The Court of Appeals took up this exact issue in Wells v. Tennessee Home Safe Inspections, LLC. In that case, Ms. Wells entered into a contract and an addendum to the contract which was an agreement to arbitrate as part of her home inspection contract with Tennessee Home Safe Inspections (THSI). Wells v. Tenn. Home Safe Inspections, LLC, No. M2008-00224-COA-R3-CV, 2008 Tenn. App. LEXIS 802, *1-2, (Tenn. Ct. App. 2008). Ms.Wells signed the addendum, and her realtor signed as well; however, no representative from THSI signed the addendum. Id. at *2. Ms. Wells sued THSI when she purchased a home and used THSI as the inspector because they failed to identify some issues with the home. Id. THSI filed a motion to compel arbitration in the Circuit Court. Id. When that motion was denied by the court, it appealed to the Court of Appeals. Id. The Court distinguished this case from Turnberry when it held that, “there is nothing in the record to suggest that the home inspection contract at issue involved interstate commerce.” Id. at *8. Where there is no conflict between the FAA and the UAA or state statute, the state’s statute will apply to the arbitration agreement. Turnberry, 2006 Tenn. App.
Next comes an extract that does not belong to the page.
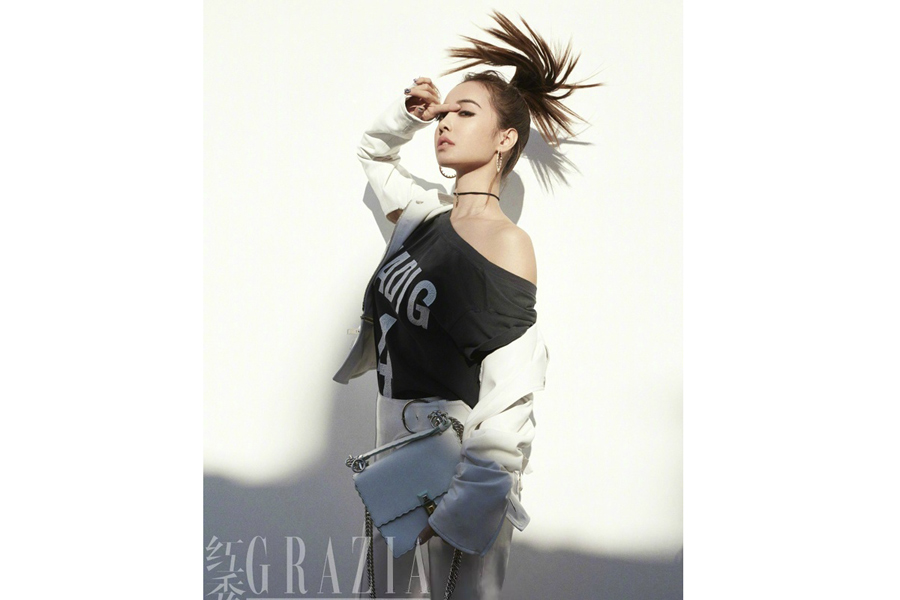 Singer Jolin Tsai covers fashion magazine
LEXIS 648 at *15. Therefore, the Wells Court held that that home inspections do not involve interstate commerce, and the FAA did not apply. Wells, 2008 Tenn. App. LEXIS 802 at *8. Where the FAA does not apply to an arbitration agreement, the state statute does apply. Turnberry, 2006 Tenn. App. LEXIS 648 at *15. Therefore, the Wells Court held that the heightened duty requirements set forth in Tennessee Code Annotated § 29-5-302(a) require that in contracts involving a party's residence, the arbitration clause must be "additionally signed or initialed by the parties." Wells 2008 Tenn. App. LEXIS 802 at *6. Because THSI failed to sign the arbitration agreement with Ms. Wells, the arbitration agreement was unenforceable and Ms. Wells did not have to submit to arbitration. Id. at *9.
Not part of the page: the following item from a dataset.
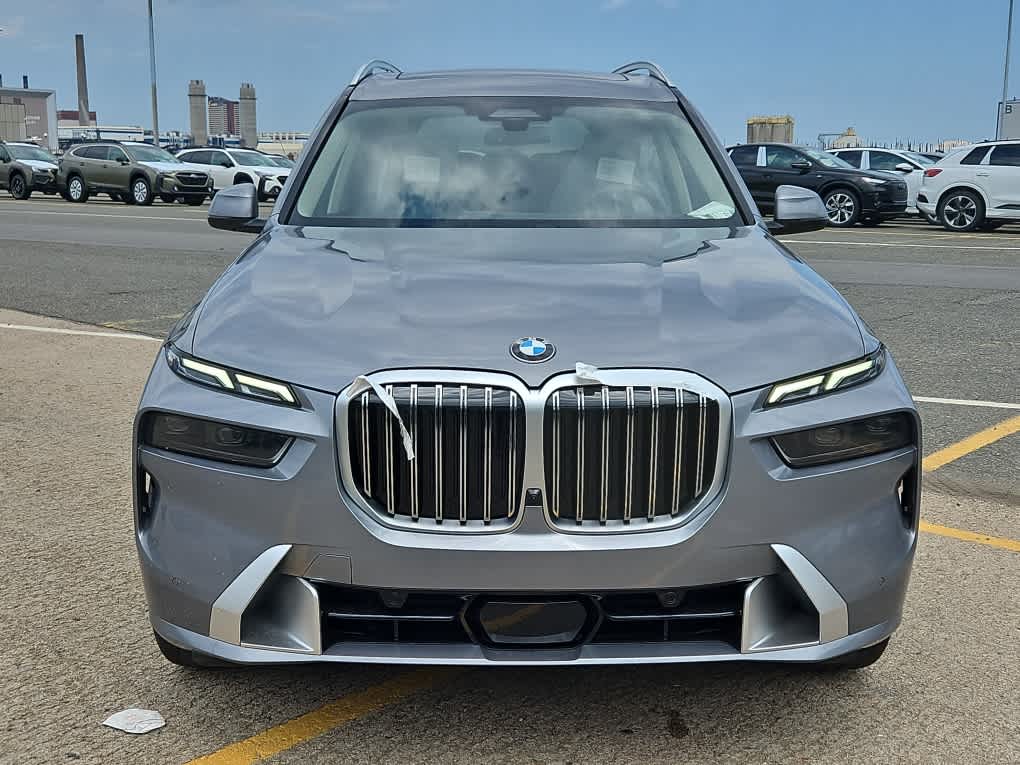 new 2025 BMW X7 car, priced at $91,525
Therefore, for those who want to make the most of the arbitration process, it is critically important for the client to know the type of contract that they are dealing with and what the statutes in your specific state say about enforcement. In Tennessee, the law is clear, the FAA will apply to purchase agreements involving interstate commerce, but in other agreements, that do not involve interstate commerce, the TUAA’s heightened duty requirements will apply to certain agreements involving residences…so to be on the safe side, make sure to have everyone sign the arbitration agreement.